— Task item —
Word for word, copy the listing below and leave out its images.

— Supplied information —
━━━

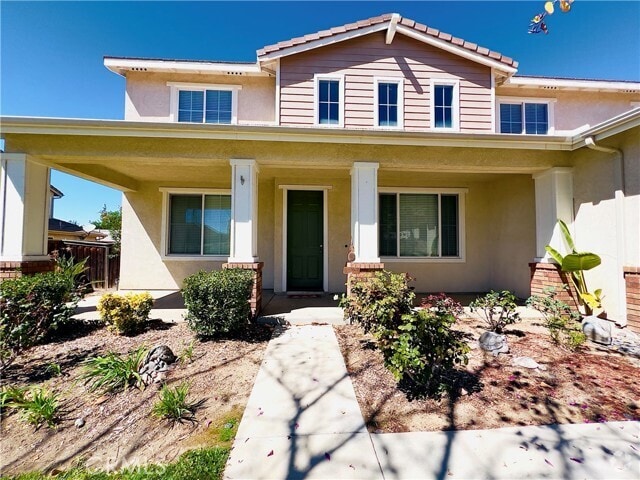 Building Photo - 17231 Greentree Dr Rental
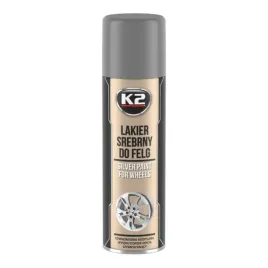 k2-lakier-srebrny-do-felg-500ml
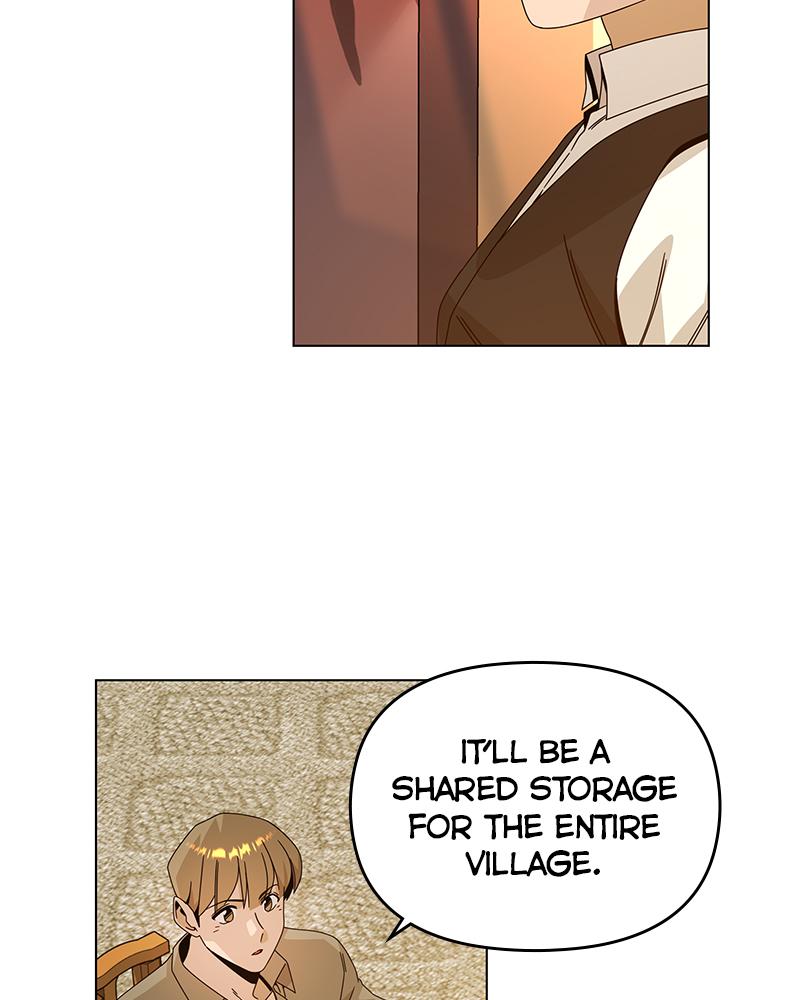 Resigning and Healing in Another World Chap 29 - Next Chap 30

━━━

— Answer section —
 Building Photo - 17231 Greentree Dr Rental
 k2-lakier-srebrny-do-felg-500ml
 Resigning and Healing in Another World Chap 29 - Next Chap 30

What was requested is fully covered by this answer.